概要
デジタル信号レベル 3(DS-3)は、最大 44.736 Mbps の速度をサポートし、WAN バックボーン アプリケーションでは一般的なリンクのタイプです。DS-3 回線は、最大 28 個の DS-1(T1)回線を同時に伝送するように設計されています。American National Standards Institute(ANSI; 米国規格協会)の文書「T1.107-1998」は、DS-3 回線の電気的な仕様を定義しています。
E3 は、最大 34.368 Mbps の速度をサポートし、北米以外の地域の WAN バックボーン アプリケーションでは一般的なリンクのタイプです。

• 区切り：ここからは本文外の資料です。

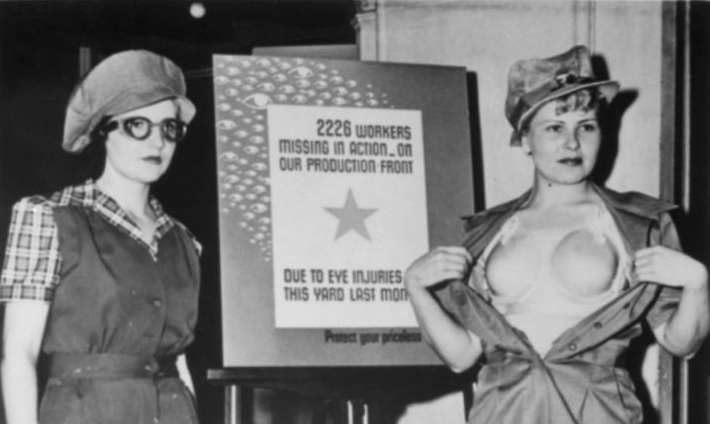 BuzzLamp's tweet photo. This 1943 photo shows women modeling a hard plastic ‘safety bra’ to protect female workers at war plants. https://t.co/3STr7GIBQZ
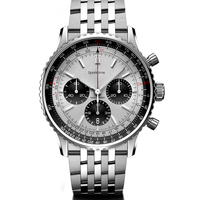 SPARKTIME calendrier d'affaires alarme analogique mouvement mécanique 3Bar étanche couleur argent montre de luxe pour hommes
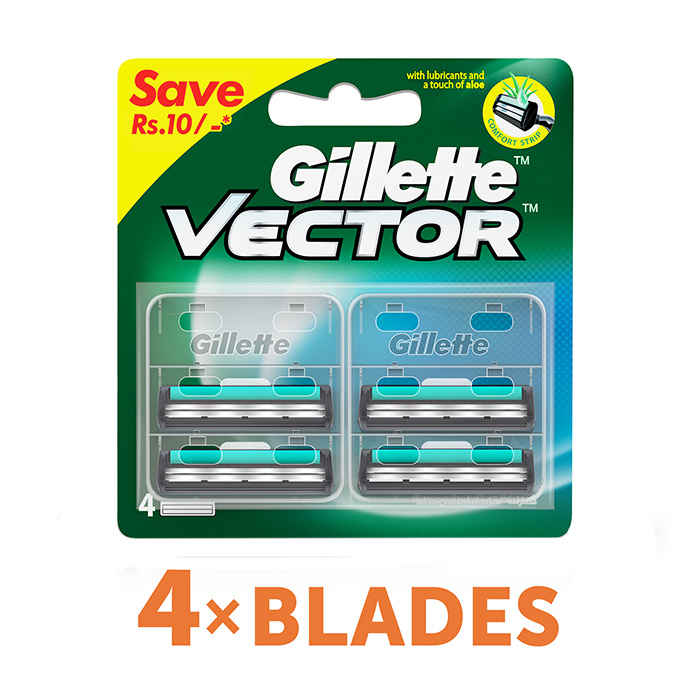 Buy Gillette Vector plus Manual Shaving Razor Blades (Cartridge) 4s pack - Purplle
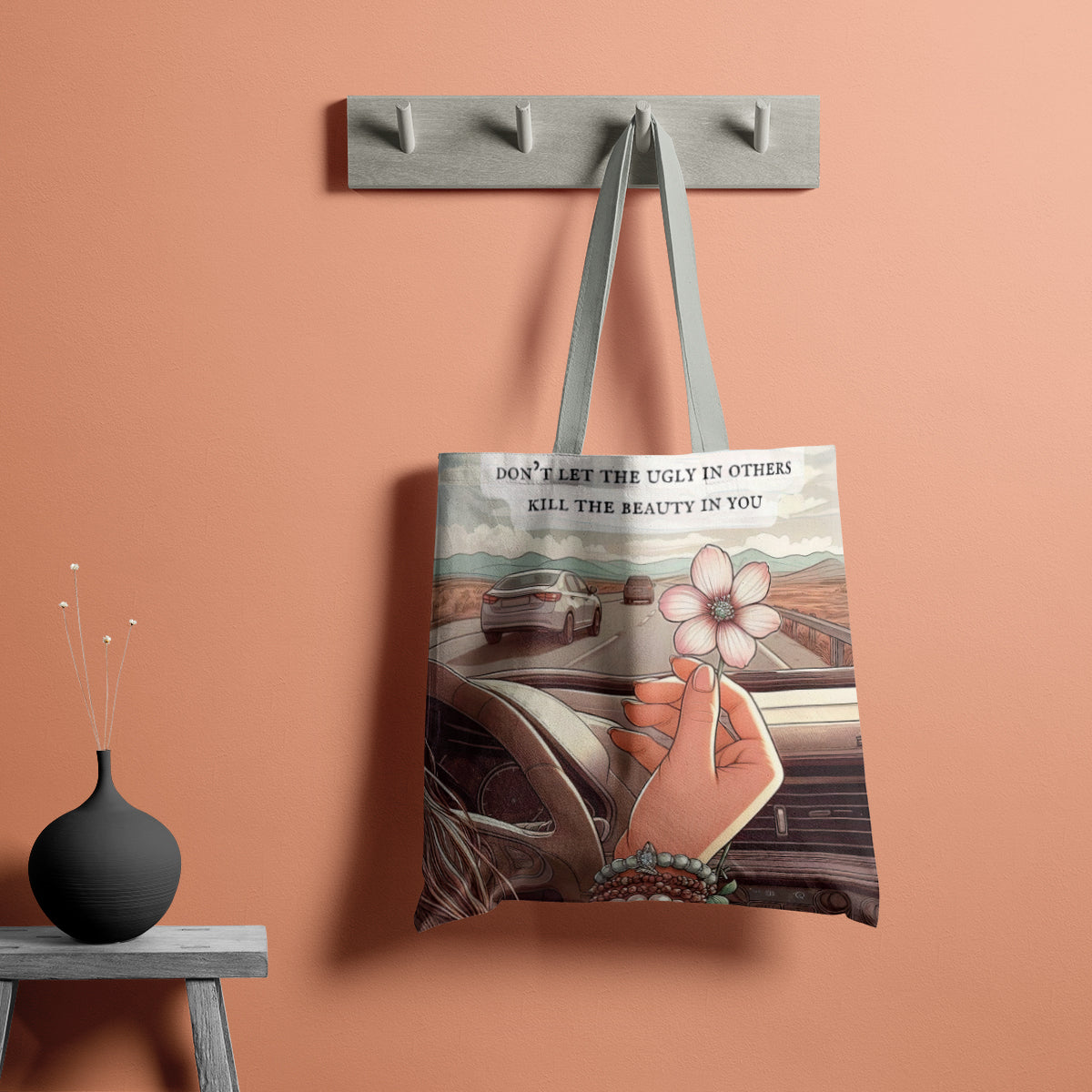 Drive With Kindness Floral Journey Tote Bag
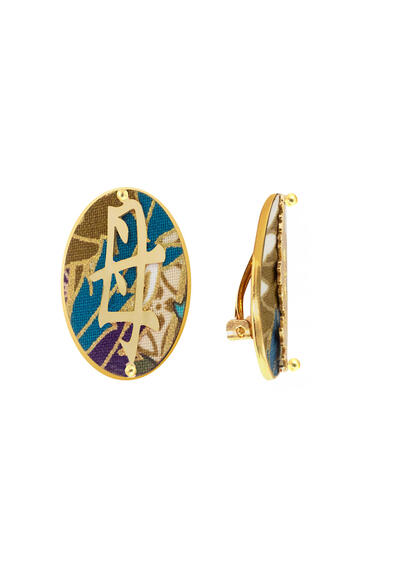 Kanji Mom Clips Earrings Oval Blue - Lebole Maison
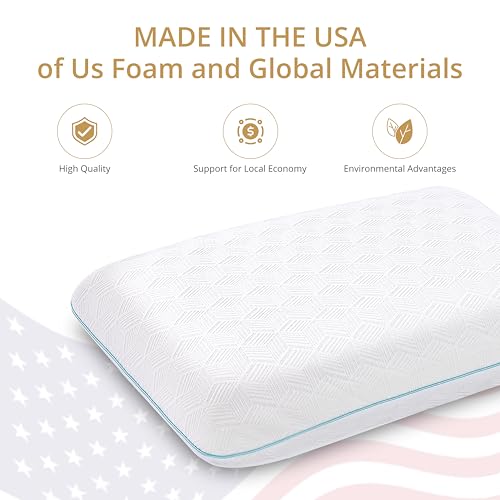 Image of EGOHOME Bed Pillow Standard Size - Memory Foam Made in USA - for Side, Back and Stomach Sleepers, Neck Support with Washable & Removable Cover, Medium Soft, 1 Pack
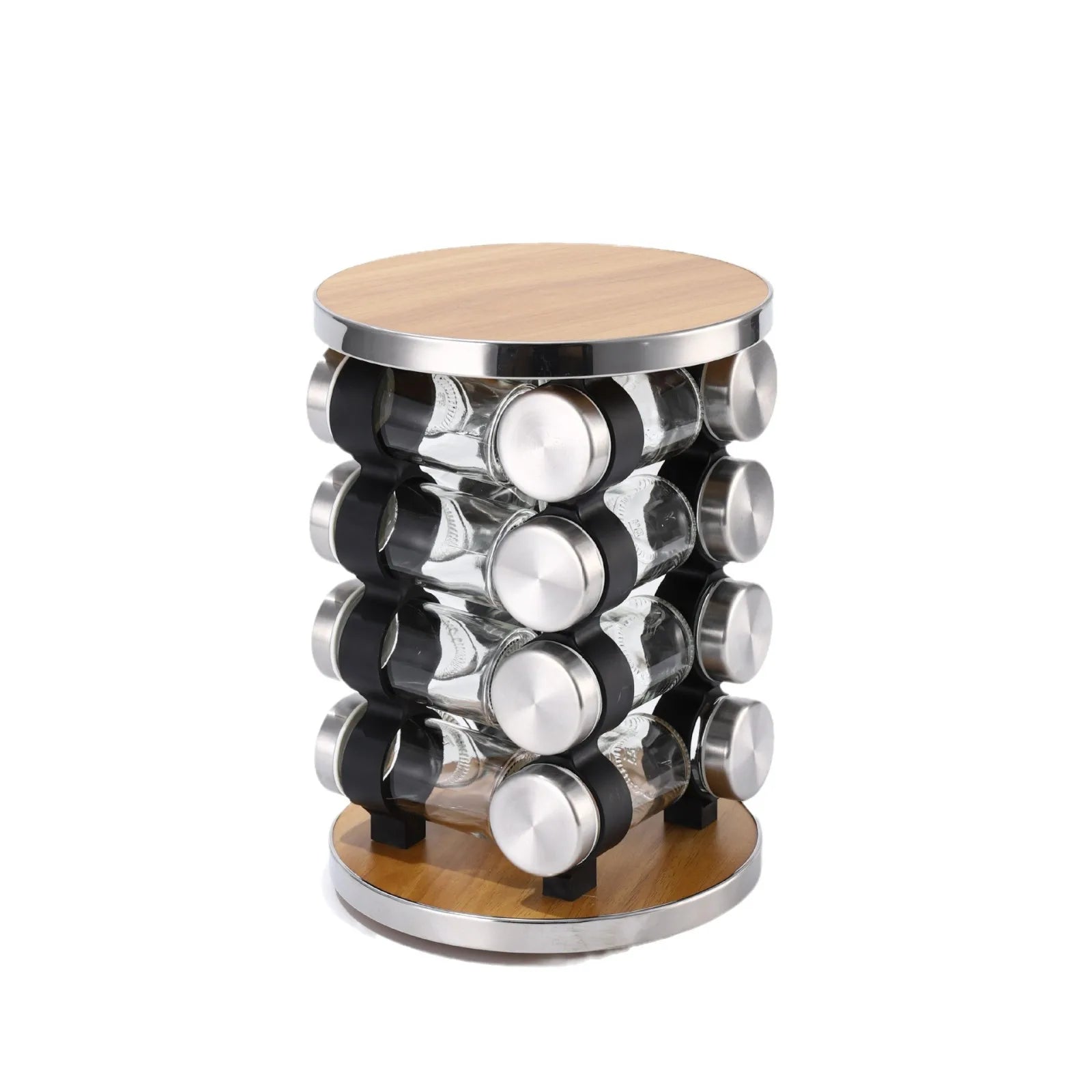 Stainless Steel Seasoning Rack with Wooden Lid Standing Rotating Spice Storage Jar Kitchen Essentials for Home Use Metal Glass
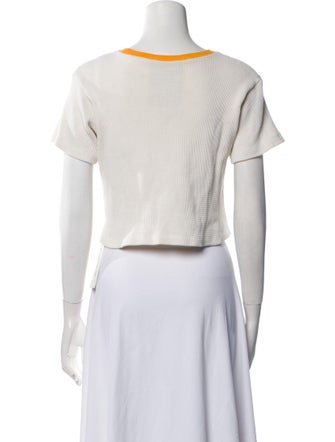 Simon Miller Graphic Print Bateau Neckline Crop Top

大部分の DS-3 および E3 インターフェイスでは、4 つのフレーミング フォーマットを選択できます。これらのフォーマットでは、オーバーヘッドのバイト数、ペイロードのバイト数、および隣接 ATM セルの認識方式が異なります。
この文書では、4 つのフレーミング フォーマットを解説し、show controllers atm コマンドで表示される、物理レイヤでの回線エラーのトラブルシューティング方法について説明します。
前提条件
要件
このドキュメントに特有の要件はありません。
使用するコンポーネント
このドキュメントの内容は、特定のソフトウェアやハードウェアのバージョンに限定されるものではありません。
表記法
ドキュメント表記の詳細は、「シスコ テクニカル ティップスの表記法」を参照してください。
ADMとPLCPについて
ATMテクノロジーの場合、このドキュメントではG.704勧告で説明されているマルチフレーム形式を使用します。

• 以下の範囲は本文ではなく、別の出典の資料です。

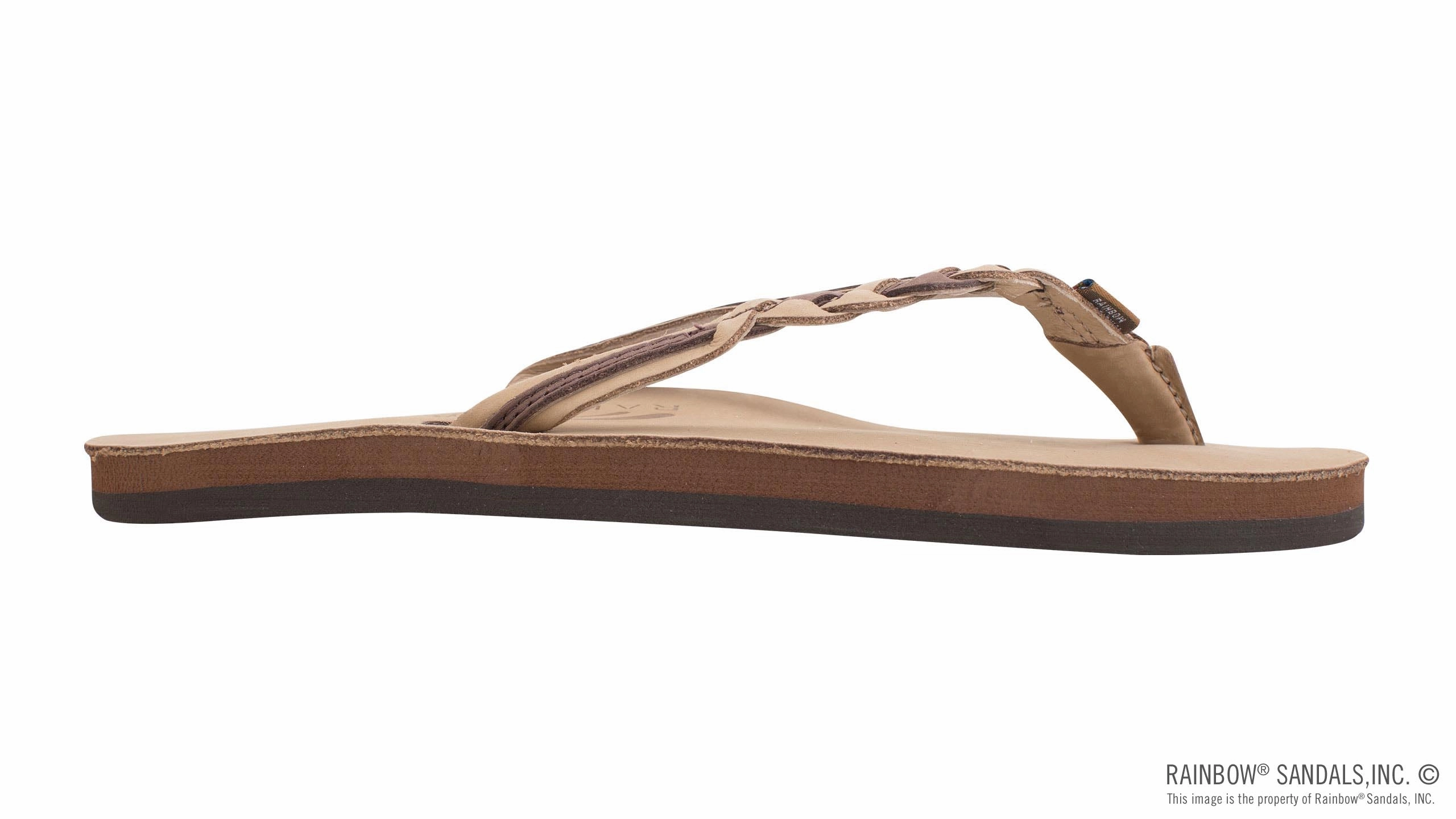 Enhanced Ground Contact Surface Rainbow Sandals Flirty Braidy - Single Layer Premier Leather 1/2" Narrow Strap with Braid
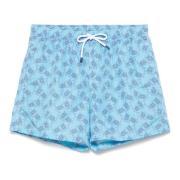 Polyester Zwemshorts met Elastische Riem Fedeli , Blue , Heren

DS-3 ビット ストリームは、M フレームと呼ばれる、一連のマルチフレームに編成されています。各 M フレームは、それぞれ 680 ビットからなる 7 つの M サブフレームに分割されます。さらに M サブフレームは、それぞれ 85 ビットからなる 8 つのブロックに分割されます。85ビットブロックは、84のユーザ情報ビットと、次のフレーミングオーバーヘッドビットの1つから構成されます。
-
P1、P2:Pビットは、フレームが物理回線を通過する際にビットエラーから保護するためのパリティチェックとして機能します。
-
X1、X2:Xビットは、リモートエンドへの受信エラーマルチフレームを示すために使用されます。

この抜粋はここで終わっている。